YOUR ASSIGNMENT: Word for word, restate the listing; omit the pictures.
----
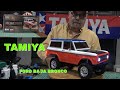 TAMIYA FORD BAJA BRONCO BUILD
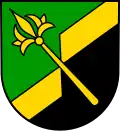 Coat of arms of Unterlamm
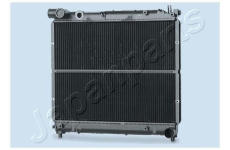 Chladič motora JAPANPARTS RDA142005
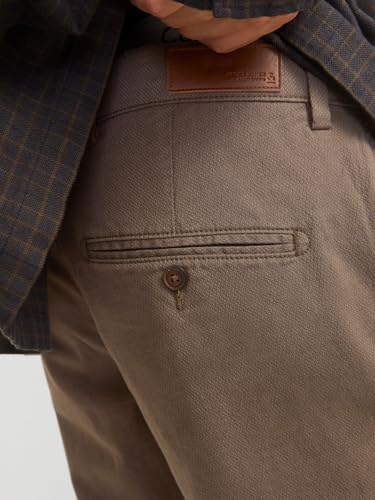 JACK & JONES Slim Fit Chino Hose – Ansicht 5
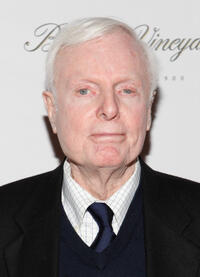 John McMartin at the Roundabout Theatre Company's 2012 Spring Gala "From Screen To Stage" in New York.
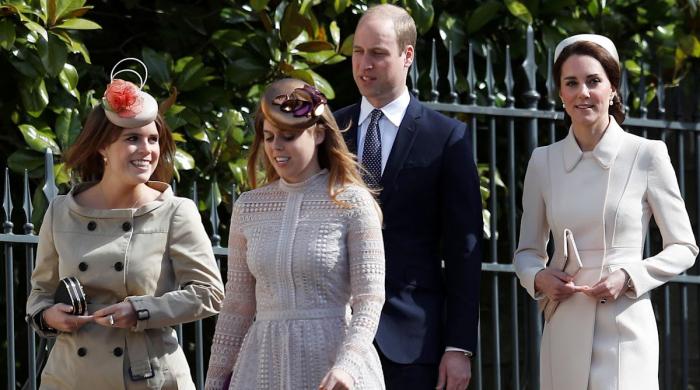 Princess Eugenie, Beatrice warned about royal titles after they turn down Prince William's request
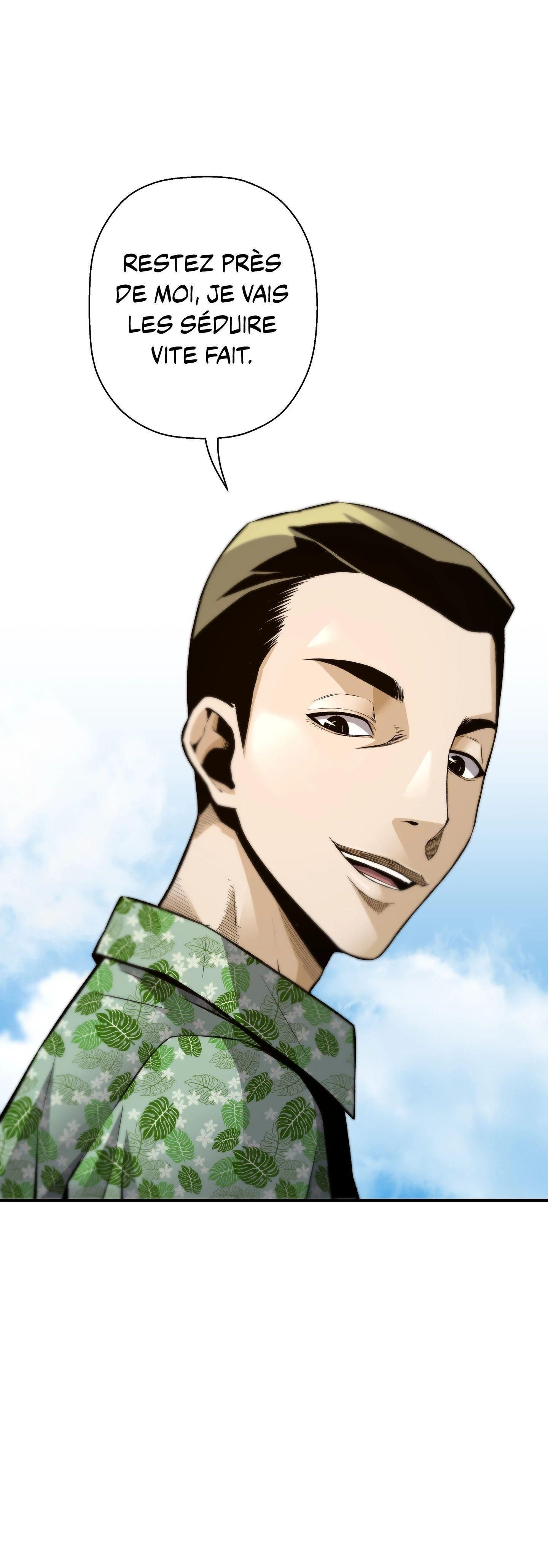 Read Return of the Legend FR Manga Online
----
FINISHED EXERCISE:
 TAMIYA FORD BAJA BRONCO BUILD
 Coat of arms of Unterlamm
 Chladič motora JAPANPARTS RDA142005
 JACK & JONES Slim Fit Chino Hose – Ansicht 5
 John McMartin at the Roundabout Theatre Company's 2012 Spring Gala "From Screen To Stage" in New York.
 Princess Eugenie, Beatrice warned about royal titles after they turn down Prince William's request
 Read Return of the Legend FR Manga Online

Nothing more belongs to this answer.